D Ü Ş Ü N C E    G Ü N L Ü Ğ Ü
Milletvekili dokunulmazlığı Medyanın kritiği

Kamusal alanda sorunlarımızın üstesinden gelmenin yolu demokrasiyi ertelemekle değil, demokratik siyaset alanını daha da genişletmekle mümkün olur. Demokratik hukuk devletinde yargı bağımsızlığı ve tarafsızlığı ilkesinden hiçbir biçimde vazgeçilmez ve hukuk uygulayıcıları siyasal ve ideolojik mülahazalarla hareket etmezler.

Milletvekili dokunulmazlığının kaldırılması meselesi, bilindiği gibi çeşitli parti ve siyasetçiler tarafındanı daha önceki yıllarda da ifade edilmişti. Gerçekten de dokunulmazlıkların kaldırılması, Türkiye için çok önemlidir; fakat tarihi süreç içinde Türkiye'de medya ve siyaset ilişkisine bakıldığında dokunulmazlıkların kaldırılması, pek faydalı olmayacaktır. Dokunulmazlığı kalkmış iktidarın demokratik ve siyasal atılımlarının, yazılı ve görsel medya kanalıyla sekteye uğrayacağını görmek mümkün. Çünkü son zamanlarda açıkça görüldüğü gibi, siyasal ve sosyal alana karşı -28 Şubat süreci de göz önünde bulundurulduğunda- gerektiği ölçüde demokratik bir tutum sergilenememektedir. Örneğin, Türk aydını ve medyası, türbanı siyasal simge olarak kabul etme, sosyal bir realite olan dini, 'siyaset jargonu' içinde değerlendirme, fikirlerden ziyade kimliklerden işe başlama gibi yanılgılardan kurtulamadı.

Türkiye'de, medya ve aydınların bir kısmının devamlı surette 'irtica' ve 'laiklik' gibi Türkiye'nin hassas meseleleri üzerinde önyargılı, bilinçli veya bilinçsiz şekilde haber yaptıkları ve bu haberleri gündemden düşürmedikleri, kamuoyunu bu ve benzeri yayınlarla meşgul ettikleri -tarihi süreç içinde- bilinen bir gerçektir. Yeni kanun ve uygulamaları tersinden okuyarak, birtakım zorlamalarla irticaya bağlamaları, içeriği bilinmeyen gizli görüşmelerden dahi birtakım haberler ve yorumlar çıkarmaları, birçok tekziplere rağmen ısrarla sürdürülen gerçek dışı haberler bir kısım Türk medyasının değişmez realitesidir.

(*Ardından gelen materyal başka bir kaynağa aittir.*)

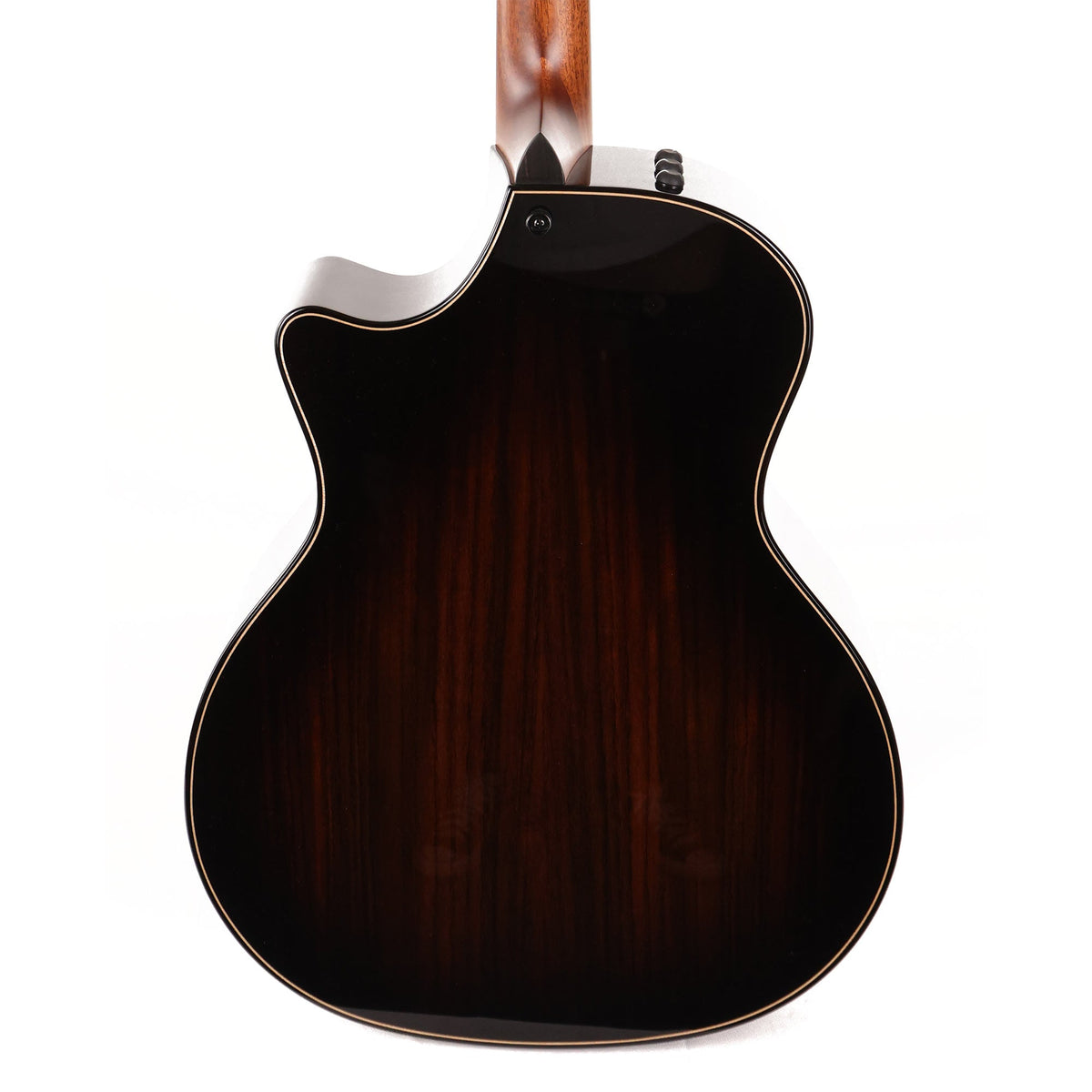 Taylor 50th Anniversary Builder's Edition 814ce LTD Acoustic-Electric 2024 — 6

Geleceği görmek kehanet sayılmaz

Dokunulmazlığı kalkmış Meclis'in, inanç ve düşünce hürriyetine yönelik aldığı kararlar, çeşitli görevlere atanan bürokratlar, kadrolaşma faaliyeti; sivil bir Anayasa girişimi, sisteme yönelik tehdit; meslek liseleri ve türban meselesini çözme çabası, laikliğe baş kaldırma; hukuki sınırlar içinde sivil örgütlenmenin kolaylaştırılması, irticai örgütlenmelerin yolunu açma; medyaya gerçek dışı yayınlarından dolayı ihtarda bulunma, basına sansür v.b. olarak algılanacak ve bütün medyada haber olarak karşımıza çıkabilecektir. Bu noktadan sonra karşımıza hangi süreçler çıkar bilinmez. Bu sebeble, gündemi genelde uç fikirlerin doldurması buna karşın toplumsal sağduyunun göz ardı edilmesi, kamuoyunun çoğunlukla tek taraflı bilgilindirilmesi medya etiği ve sorumluluğuyla ne kadar örtüşür iletişim uzmanlarınca tartışılmalıdır.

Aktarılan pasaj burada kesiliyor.